Ohio State woman golfer Aneka Seumanutafa golfing at the White Sands Invitational, which ran from Oct. 28-30. Credit: Ohio State Athletics

As many students try to follow Ohio State health guidelines in order to stay on campus, sophomore Aneka Seumanutafa just wants to stay on the golf course.

Seumanutafa, the 2019 Big Ten Freshman of the Year and a 2019 Women’s Golf Coaches Association second-team All-American on Ohio State women’s golf team, is dealing with the realities of a fall semester without team events due to the COVID-19 pandemic. Although practices remain for the golf team, team competition will not resume until January at the earliest, head coach Therese Hession said. 
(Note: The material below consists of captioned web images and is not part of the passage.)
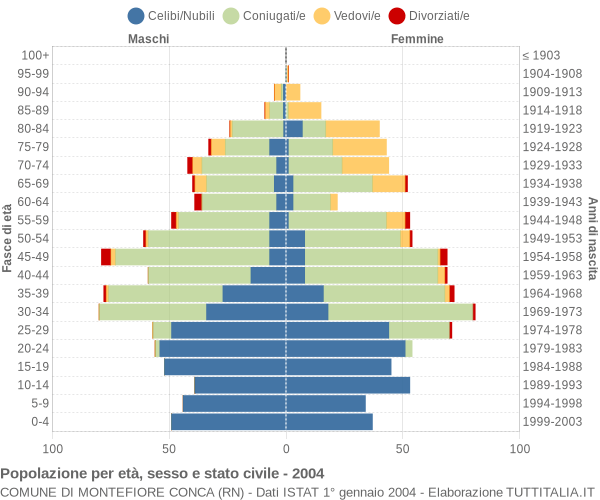 Grafico Popolazione per età, sesso e stato civile Comune di Montefiore Conca (RN)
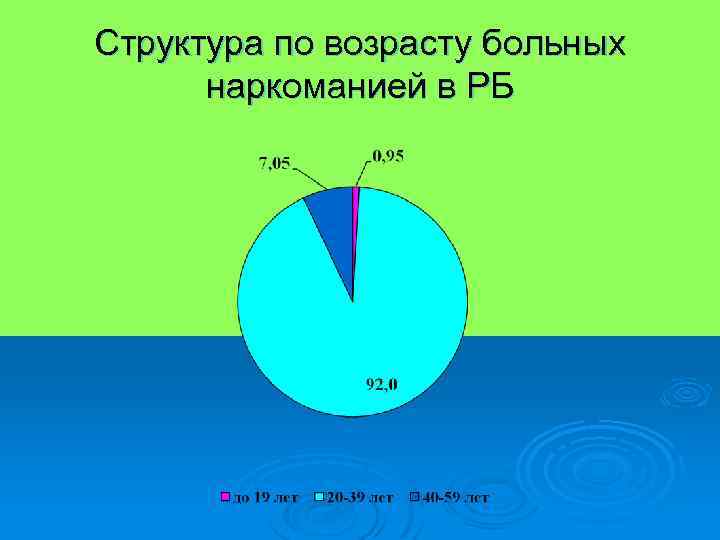 Структура по возрасту больных наркоманией в РБ 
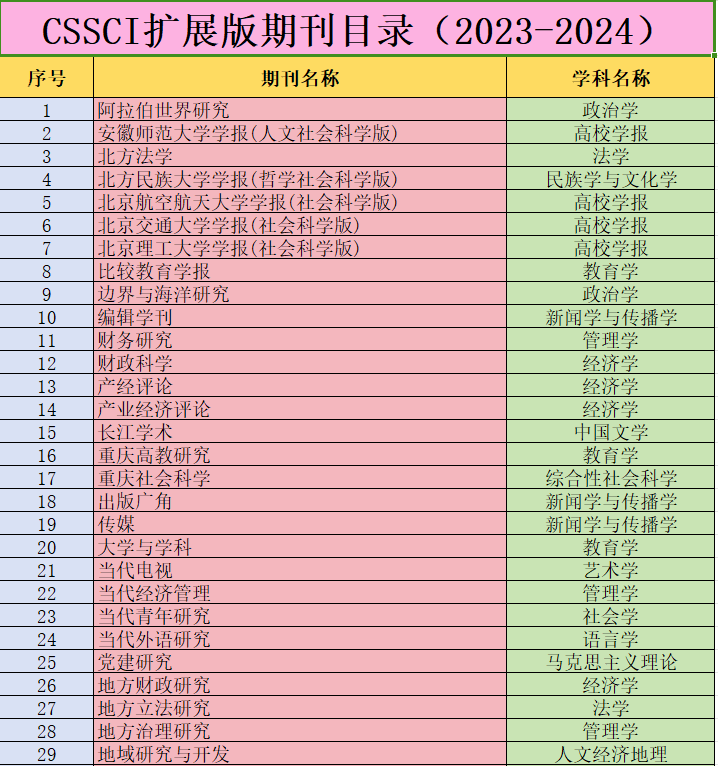cssci擴展版期刊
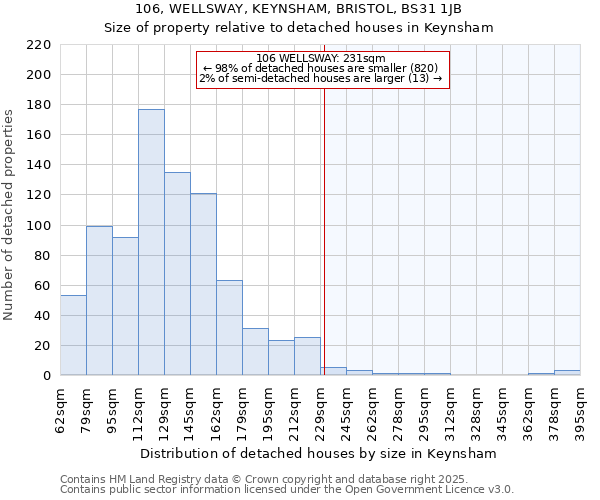 106, WELLSWAY, KEYNSHAM, BRISTOL, BS31 1JB: Size of property relative to detached houses in Keynsham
Hession said the absence of the fall schedule cuts four events from the Buckeyes’ docket, which Seumanutafa said was disappointing.

“I really wanted to play to represent Ohio State and be proud to be an Ohio State athlete,” Seumanutafa said.

Seumanutafa completed her junior and senior year of high school online — she was homeschooled — so the academic transition from in person to online has been easy, she said.  

However, the coronavirus pandemic’s impact on the 2020-21 golf season has been much more difficult, she said.   

“It’s kind of hard to not have the season,” Seumanutafa said. “It sucks because we all really wanted to play golf.” 

Seumanutafa said that she has had some concerns for her golf career due to the nature of the coronavirus.

“Being an athlete and being in a long-term sport, it’s kinda scary to be around people,” Seumanutafa said. 

Now, Seumanutafa’s collegiate season is reduced to a modified practice schedule and the possibility of individual events, she said.

Over the summer, Seumanutafa competed in the North & South Women’s Amateur Championship in Pinehurst, North Carolina, and the U.S. Women’s Amateur Championship at Woodmont Country Club in her home state of Maryland. She finished ninth and 33rd, respectively, in the tournaments.

With temperature checks, daily rapid COVID-19 testing and face masks while not playing, Seumanutafa said the U.S. Women’s Amateur Championship took safety precautions more seriously than the championship in North Carolina, which did not require golfers to wear a mask. 

The members of the Ohio State women’s golf team may be able to compete in some new tournaments as individuals, Seumanutafa said. However, the student-athletes would have to pay for the tournaments on their own.

“You want to be in competition for golf, especially because you want to keep that mojo going,” Seumanutafa said. “If you don’t feel like you’re in that competition, it just kind of brings your golf game down a little bit.”

For Hession, who is in her 30th year of coaching, it is important to keep that competitive spirit alive this fall. The coach said that she would have a flexible practice schedule for those who wished to compete individually. 

“There are some very nice clubs that are providing opportunities for college players to play,” Hession said. “So hopefully they can get in some competition that way, and for some of them, this will even be more competition than what they played in this summer.”

Hession said that the ability to compete locally will provide the players with increased safety, as the golfers will be able to drive their own cars and not have to stay in a hotel. 

Further fueling the competitive energy, the team has been qualifying and having mini-short-game competitions with the men’s golf team in order to keep the players engaged, Hession said.

“Some things might be different than normal, but they can actually feel like they are competing,” said Hession.